We are a nation of jailers ... and of jailed. We have zero-tolerance, and we brag about it. Our leaders ride to power on the backs of the convicted. Brown backs, black backs, for the most part. We have created powerful lobbies of people whose livelihoods depend on putting more of their fellow citizens in cages, for longer stretches of their lives, and we cannot seem to appease those lobbies fast enough.
This is America, home of the free, at the dawn of the new millennium. We are a nation singular in our urge to punish, and in our willingness to indulge that urge. But we are paying for that indulgence.
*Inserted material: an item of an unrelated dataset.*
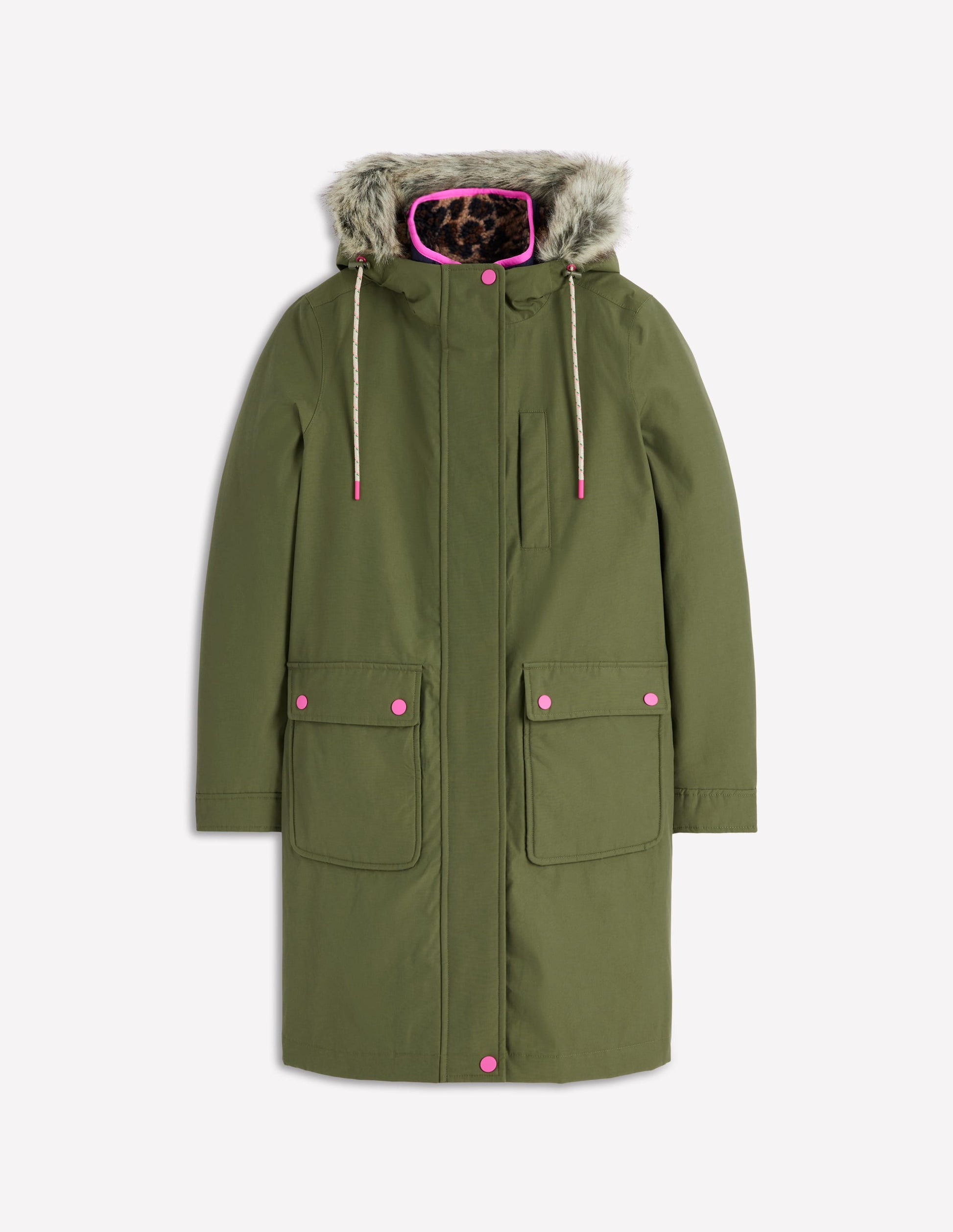 4-In-1 Hooded Parka-Green, Navy, Leopard Borg-7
We are paying with our tax dollars, both what we spend to catch, convict and incarcerate the two million and what we fail to collect from their potential wages. We are paying in distrust of our system and of our institutions among those groups, Black and Latino mostly, against whom we have chosen to enforce the most punitive of our laws. We are paying with our futures, in the education dollars that have gone, in state after state, into the building and running of prisons, more so every year. And we are paying with our souls, scarred and hardened by our growing willingness to accept that which we know is immoral and inhumane and corrupt.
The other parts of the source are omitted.